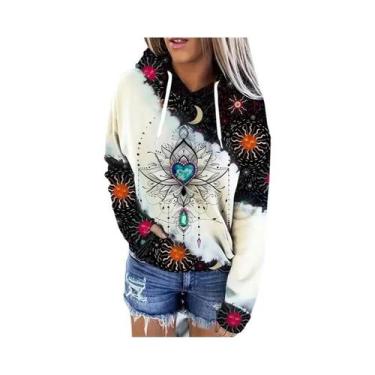 Imagem de Moletom Feminino Com Estampa De Lua E Cordão, Manga Comprida, Casual, 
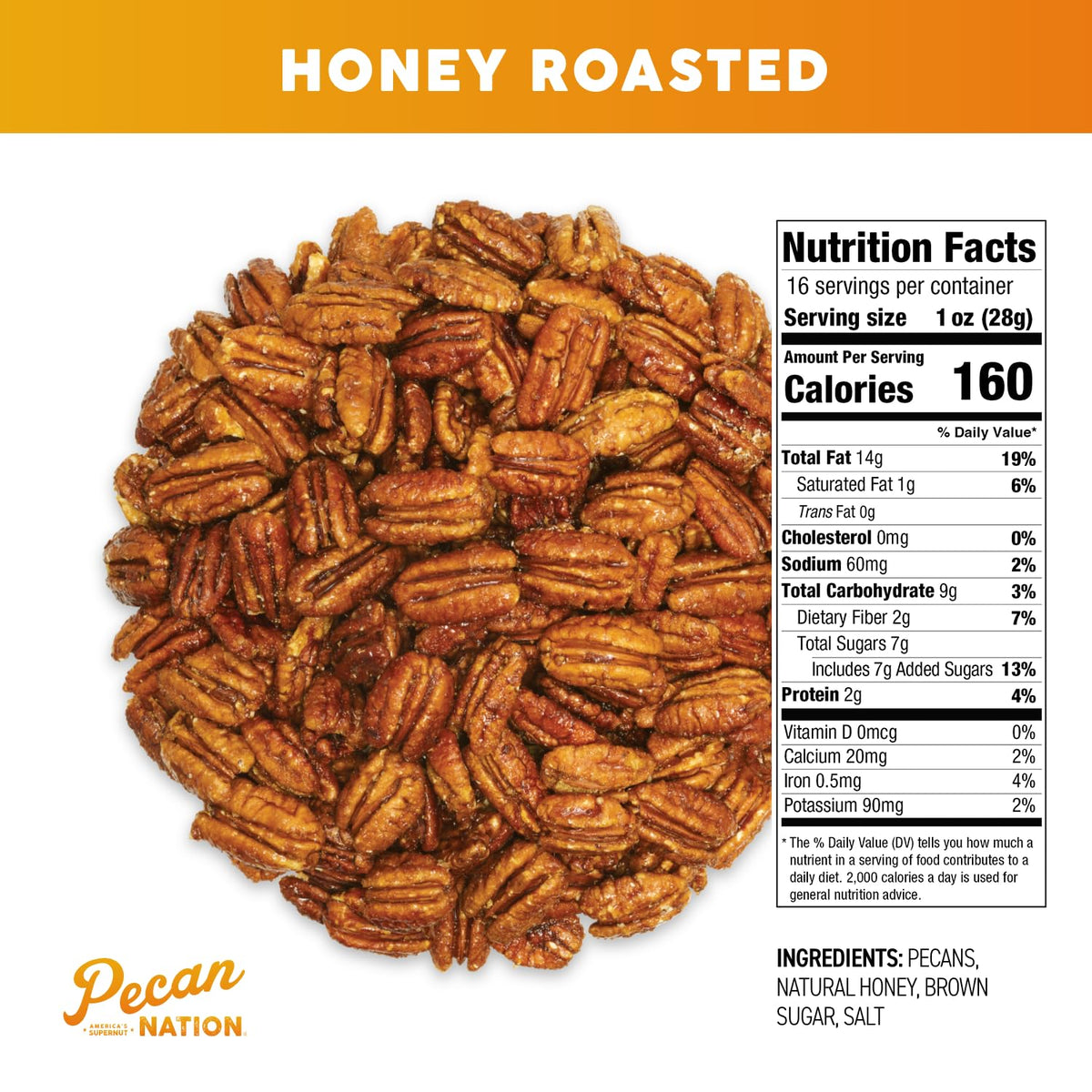 Pecan Nation Honey Roasted Georgia Pecans, 32 oz – Natural, Non-GMO, No Preservatives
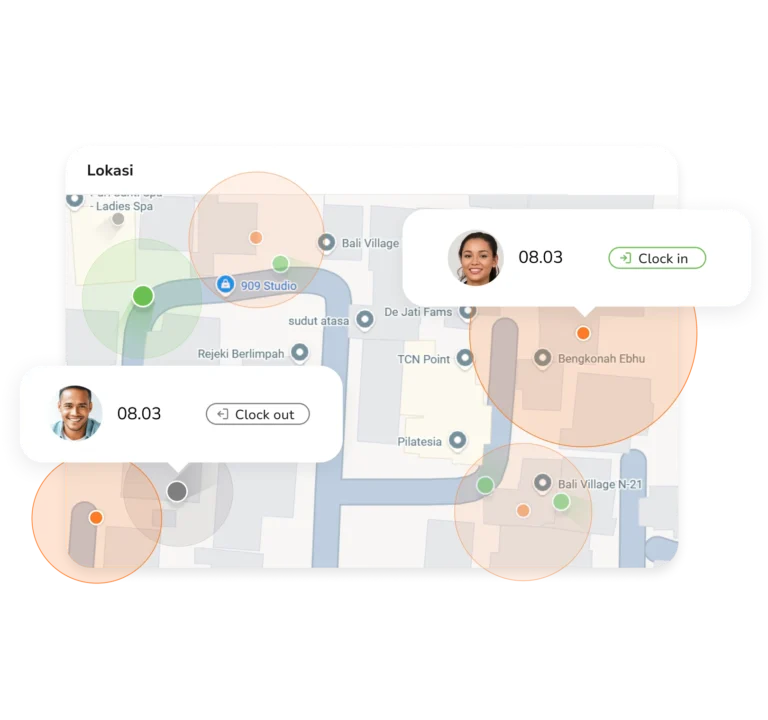 Software time tracking dengan geofencing untuk membatasi clock in hanya di area resmi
------------------------------------------------
= Task brief =
Retype all of the listing word for word and skip the pictures.

= Exercise answer =
 Imagem de Moletom Feminino Com Estampa De Lua E Cordão, Manga Comprida, Casual, 
 Pecan Nation Honey Roasted Georgia Pecans, 32 oz – Natural, Non-GMO, No Preservatives
 Software time tracking dengan geofencing untuk membatasi clock in hanya di area resmi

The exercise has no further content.